** RECORDS follows **

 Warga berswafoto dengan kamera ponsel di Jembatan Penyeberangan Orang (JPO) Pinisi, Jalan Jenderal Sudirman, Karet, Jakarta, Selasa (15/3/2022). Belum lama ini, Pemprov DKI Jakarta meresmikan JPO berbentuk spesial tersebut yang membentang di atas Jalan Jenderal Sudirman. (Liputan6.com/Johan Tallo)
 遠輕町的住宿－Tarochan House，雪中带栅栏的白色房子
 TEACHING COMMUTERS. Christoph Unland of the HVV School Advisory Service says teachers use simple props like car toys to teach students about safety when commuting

** End of RECORDS **
** RECORDS follows **

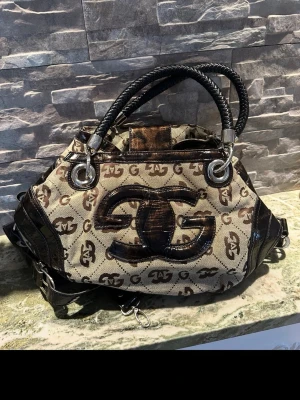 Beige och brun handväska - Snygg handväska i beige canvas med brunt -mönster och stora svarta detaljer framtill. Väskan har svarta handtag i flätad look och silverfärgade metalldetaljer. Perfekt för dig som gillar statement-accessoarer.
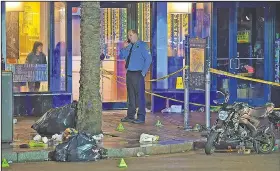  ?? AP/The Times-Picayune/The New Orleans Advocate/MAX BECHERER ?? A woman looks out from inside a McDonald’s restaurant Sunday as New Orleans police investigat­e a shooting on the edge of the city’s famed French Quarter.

** End of RECORDS **

> EXERCISE: Would you print exactly, and only, the lines of the data above from the line with "Warga berswafoto dengan" through the line with "TEACHING COMMUTERS. Christoph", inclusive?

> ANSWER FOR THE TASK:
 Warga berswafoto dengan kamera ponsel di Jembatan Penyeberangan Orang (JPO) Pinisi, Jalan Jenderal Sudirman, Karet, Jakarta, Selasa (15/3/2022). Belum lama ini, Pemprov DKI Jakarta meresmikan JPO berbentuk spesial tersebut yang membentang di atas Jalan Jenderal Sudirman. (Liputan6.com/Johan Tallo)
 遠輕町的住宿－Tarochan House，雪中带栅栏的白色房子
 TEACHING COMMUTERS. Christoph Unland of the HVV School Advisory Service says teachers use simple props like car toys to teach students about safety when commuting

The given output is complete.